**Assigned task:** In the records below, repeat exactly the lines between the line holding "Evolution et montant" and the line holding "上周近1000套房源获批！厦门4盘入市去化率竟……——九房网", inclusive, and drop the pictures.

**Supplied information:**
- Opening Delimiter -

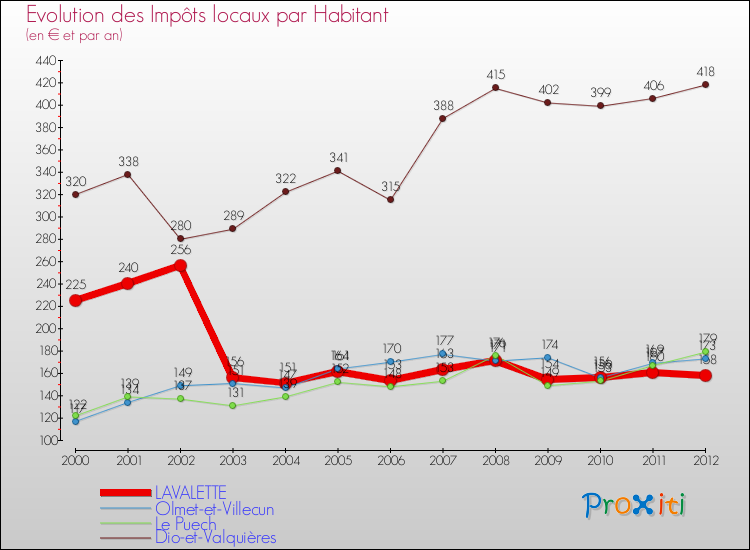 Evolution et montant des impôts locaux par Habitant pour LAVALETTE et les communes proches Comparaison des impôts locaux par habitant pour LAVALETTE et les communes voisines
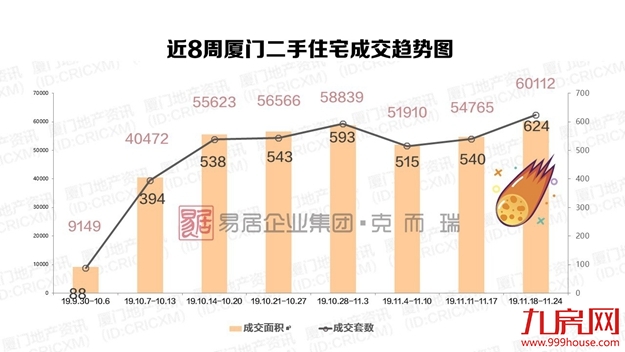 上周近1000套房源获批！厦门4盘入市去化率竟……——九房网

- Closing Delimiter -
- Opening Delimiter -

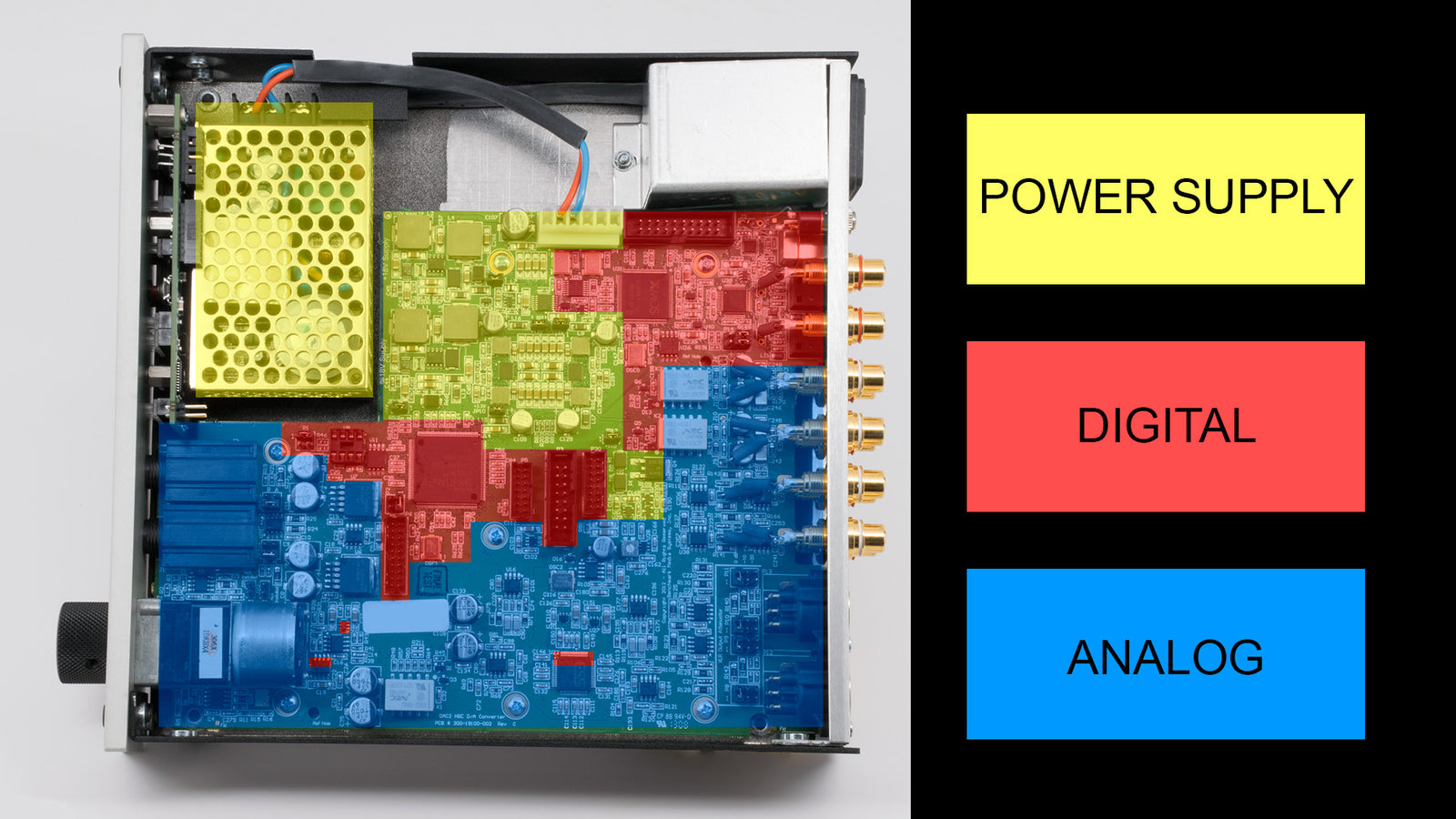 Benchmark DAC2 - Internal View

- Closing Delimiter -

**Output below:**
 Evolution et montant des impôts locaux par Habitant pour LAVALETTE et les communes proches Comparaison des impôts locaux par habitant pour LAVALETTE et les communes voisines
 上周近1000套房源获批！厦门4盘入市去化率竟……——九房网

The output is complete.